Fortunately, there is traction across technology players who are building tools to make the clinical trial process digital and virtual. Some are working to develop end-to-end virtual solutions, including telehealth and remote patient monitoring, eConsent/ePRO/eCOA, global device provisioning and trial analytics. As more contract research organizations, such as Covance, and sponsors start to work with advanced decentralized clinical trial platforms, it will speed the rate of innovation and improve the patient experience.
The digitization of clinical trial data and processes should make it easier, in theory, to use data generated from routine care as part of drug development. RWD can be used to inform trial design and eligibility, as well as construct synthetic trials. And it can provide deeper insight into the patient journey before, during or after the trial.
The challenge has been the fragmented nature of the data sources, as well as the difficulty of ensuring patient consent and protecting patient privacy as the data are aggregated.
The good news is that RWD exists in large quantities, and the Food and Drug Administration (FDA) has new supportive efforts designed to evaluate the use of these data as real-world evidence (RWE).
Moreover, researchers have already proven that RWD can be used to test new treatments. In 2017, Bavencio avelumab from Merck & Co. Inc. (NYSE:MRK) and Pfizer Inc. (NYSE:PFE) received accelerated approval from the FDA for two indications, metastatic Merkel cell carcinoma and urothelial carcinoma, based on a Phase II study using historical data. The data were sourced from electronic healthcare records and a German patient registry.

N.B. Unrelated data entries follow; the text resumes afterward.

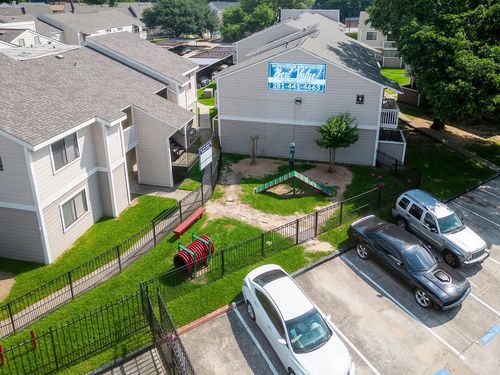 apt-1008-15100 Golden Eagle Dr, Humble, TX, 77396-2270 | Card Image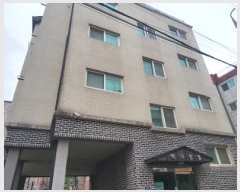  2025Ÿ��62643 ��� ���ֽ� �ߴ絿 183-2 ����ž�� 2��202ȣ     �ټ���,������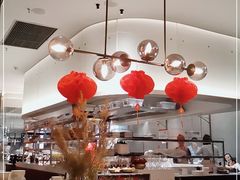 -悦百味·品质川菜(上城店)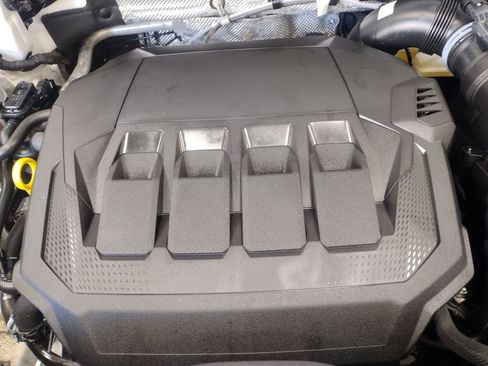 Used 2023 Audi Q3 2.0T Premium AWD/4WD image 7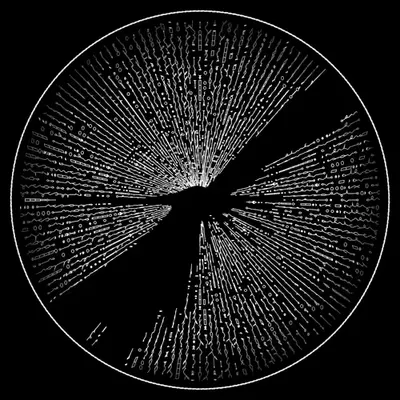 codex -465526530.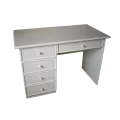 Bureau kota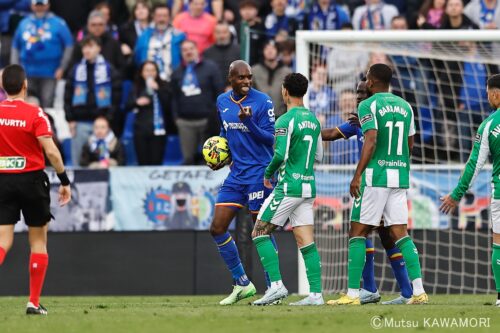 Please do not reproduce without prior permission.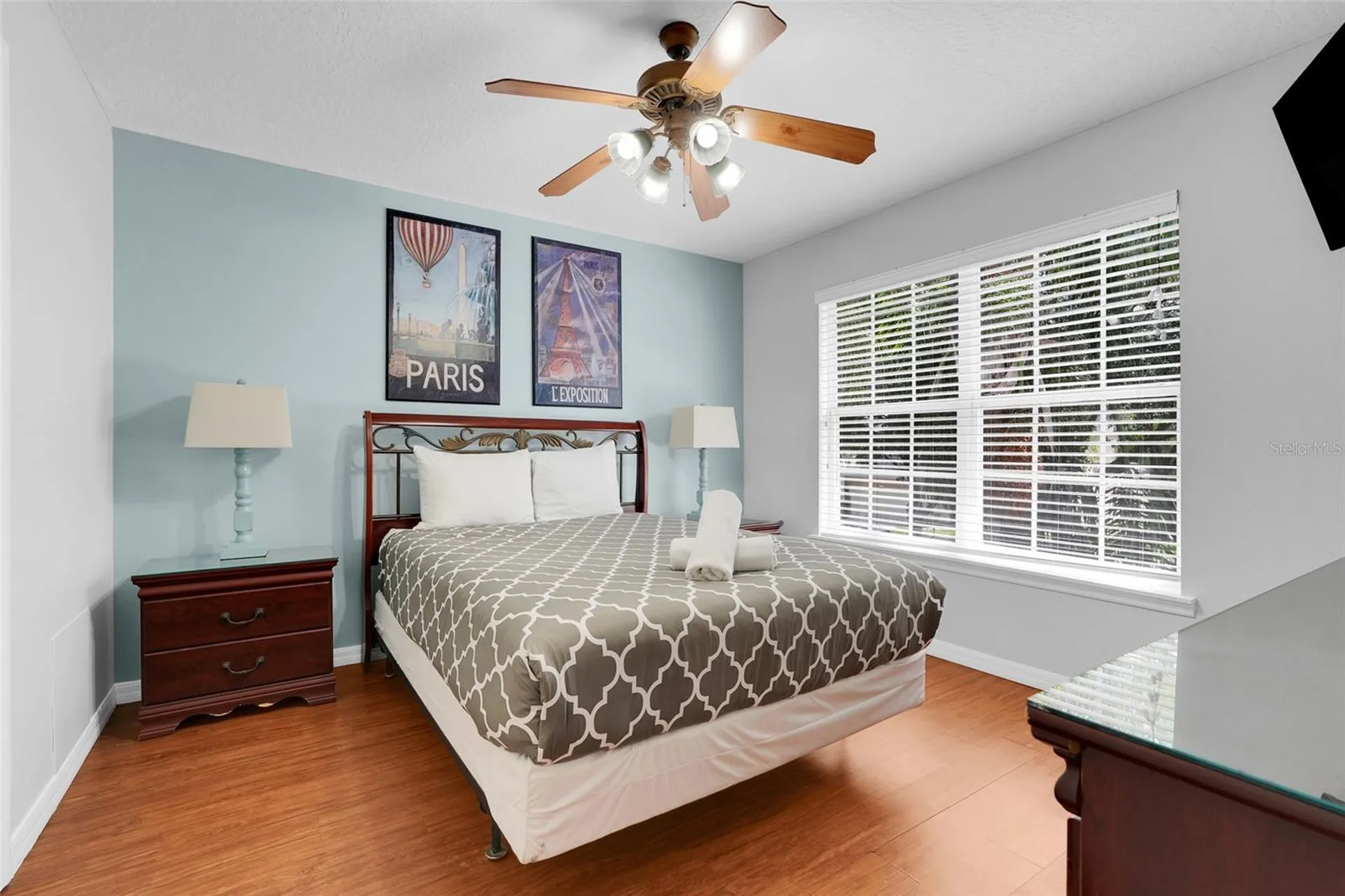 8033 Acadia Estates Court Kissimmee FL 34747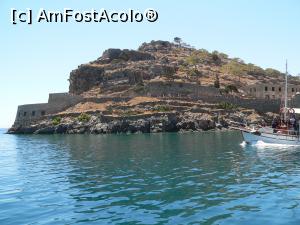 [P16] Spinalonga, din larg » foto by killtox
 - 
<span class="allrVoted glyphicon glyphicon-heart hidden" id="av769027"></span>
<a class="m-l-10 hidden" id="sv769027" onclick="voting_Foto_DelVot(,769027,481)" role="button">șterge vot <span class="glyphicon glyphicon-remove"></span></a>
<a id="v9769027" class=" c-red"  onclick="voting_Foto_SetVot(769027)" role="button"><span class="glyphicon glyphicon-heart-empty"></span> <b>LIKE</b> = Votează poza</a> <img class="hidden"  id="f769027W9" src="/imagini/loader.gif" border="0" /><span class="AjErrMes hidden" id="e769027ErM"></span>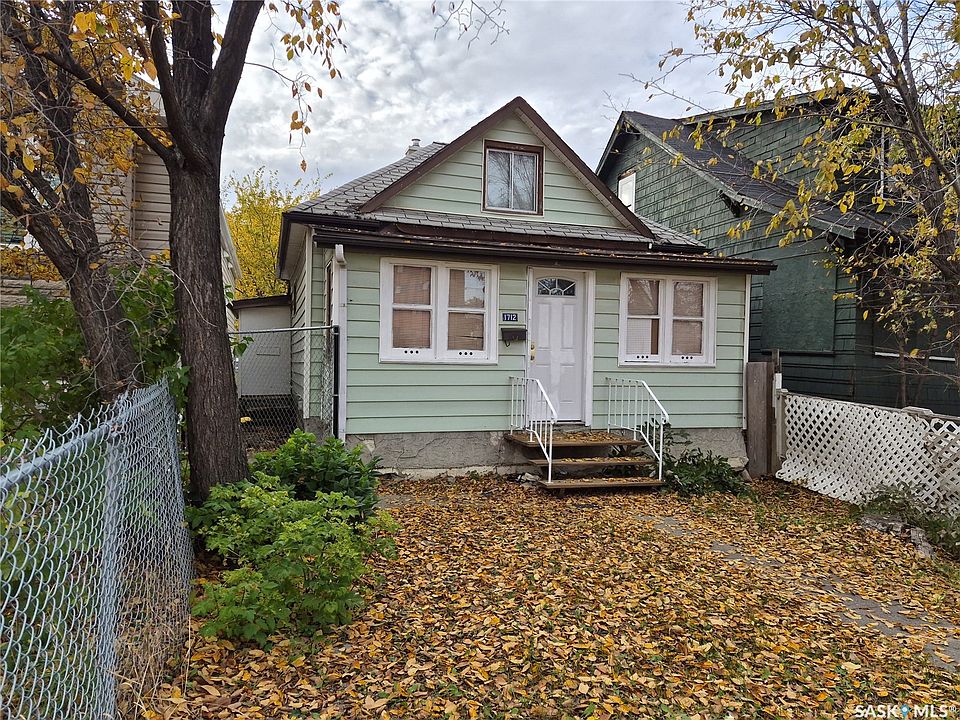 1st image of 1712 Toronto Street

The 21st Century Cures Act encourages the use of RWD to generate RWE for regulatory decision-making. As the FDA has repeatedly emphasized, the key is to ensure that researchers have access to data that is fit-for-purpose.
Applying pandemic urgency and collaboration to cancer
The pandemic has shown that swift industry collaboration can be powerful in improving patient outcomes.

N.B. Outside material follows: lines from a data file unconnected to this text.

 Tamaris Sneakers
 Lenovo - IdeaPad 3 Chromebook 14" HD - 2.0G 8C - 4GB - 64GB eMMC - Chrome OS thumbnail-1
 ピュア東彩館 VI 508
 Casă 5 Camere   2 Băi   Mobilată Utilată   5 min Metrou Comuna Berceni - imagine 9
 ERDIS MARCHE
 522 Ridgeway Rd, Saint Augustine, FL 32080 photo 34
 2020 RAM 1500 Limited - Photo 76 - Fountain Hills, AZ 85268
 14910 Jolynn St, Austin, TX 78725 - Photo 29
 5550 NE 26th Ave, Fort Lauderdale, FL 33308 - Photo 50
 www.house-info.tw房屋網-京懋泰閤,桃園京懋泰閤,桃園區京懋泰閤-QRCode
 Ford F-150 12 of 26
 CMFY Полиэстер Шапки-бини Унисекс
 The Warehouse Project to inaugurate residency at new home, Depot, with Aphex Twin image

The American COVID-19 Collaborative Enabling Seamless Science (ACCESS), for instance, formed to quickly deploy virtual trial technology for monitoring, testing and developing diagnostics and treatments. The ACCESS vision aims to provide data for mitigation efforts, as well as RWD to accelerate evidence generation on new treatments and vaccines. It also aims to enable immediate screening and enrollment of participants for clinical trials, and to create a dynamic system with modern technology to protect Americans’ health and national security.
Collaborative approaches, such as ACCESS and the COVID-19 Research Database (a pro-bono consortium to make RWD available for COVID-19-related public health research), provide the infrastructure for more accessible clinical trials and accelerate the use of RWD for research and drug development. These types of novel approaches are critical to shortening timelines without adding clinical burden.
The technology to go virtual and the RWD needed to develop standard-of-care cohorts for cancer research are available today. If the industry moves with urgency, researchers can leverage virtual technology and RWD for synthetic trial arms at scale.
The pharmaceutical, healthcare technology and advocacy communities will need to rally to make that happen for patients who desperately need it. If all stakeholders across the industry commit to these efforts, it’s possible to change the future of clinical development and re-write how the story for cancer patients will inevitably play out.
Vera Mucaj is the Head of Clinical Trials Solutions at Datavant, and Ingrid Oakley-Girvan is SVP of Research and Strategy at Medable.
Signed commentaries do not necessarily reflect the views of BioCentury.